Hitler claimed to be a christian, as did others who killed, raped and pillaged

to be fair you have to ask...were they doing what Jesus instructed? If they were not then you can not lay that at Jesus's feet


----------



## Denton (Sep 18, 2012)

Annie said:


> Let me ask you this: are you complicit in the evils that the United States has commited simply because you're a citizen? All those bad politicians? Are they your fault?
> 
> I say no. I think you stand for what is and was always great about this country. It breaks our heart that things are going so far wrong now.
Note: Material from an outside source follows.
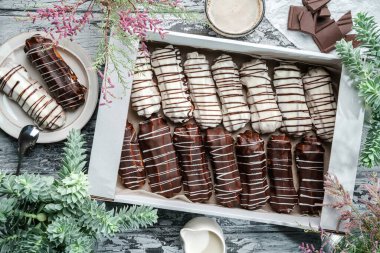 Kutuda beyaz ve çikolata jöleli ekler ya da profiteroller ve gri ahşap arka planda bahar çiçekleriyle kaplı tabağın üzerinde. Tatlılar, tatlı ve pasta, üst manzara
Same goes for me; for my country and the Catholic Church. I'll be patriot and a Catholic until I die, I hope.
> 
> ...


Hey! Don't go stealing my thoughts without a hat-tip!:vs_cool: :vs_laugh:


----------



## Maine-Marine (Mar 7, 2014)

Annie said:


> Let me ask you this: are you complicit in the evils that the United States has commited simply because you're a citizen? All those bad politicians? Are they your fault?
> 
> I say no. I think you stand for what is and was always great about this country. It breaks our heart that things are going so far wrong now. Same goes for me; for my country and the Catholic Church. I'll be patriot and a Catholic until I die, I hope.
> 
> ...


if a Catholic (and you all know I am not a fan) gives money to the church with the intent that that money would be used for supporting the good works of the church they are NOT responsible for acts of evil

if americans pay taxes as they are supposed to and some government members are evil... they can not be accountable for that

I was once the chairman of the board for a non-profit food pantry (non government funded). We once had a long debate about how to make sure we did not have freeloaders or people that did not need the assistance showing up. Since we did not require them to submit any forms or proof of need we only had their word that they were in need..

after much debate I said basically - it is not on us to verify that our good will was being used/abused... we were doing a good deed by providing food for families in need.. if somebody was abusing it, that was on them and they would be held accountable

same with people that give money to churches, nonprofits, etc.... if their spirit in giving is good and the organization is (overall) doing good... they should not be blamed if time to time bad people do bad things... if we demand 100% clean hands we will stop all charity for all groups...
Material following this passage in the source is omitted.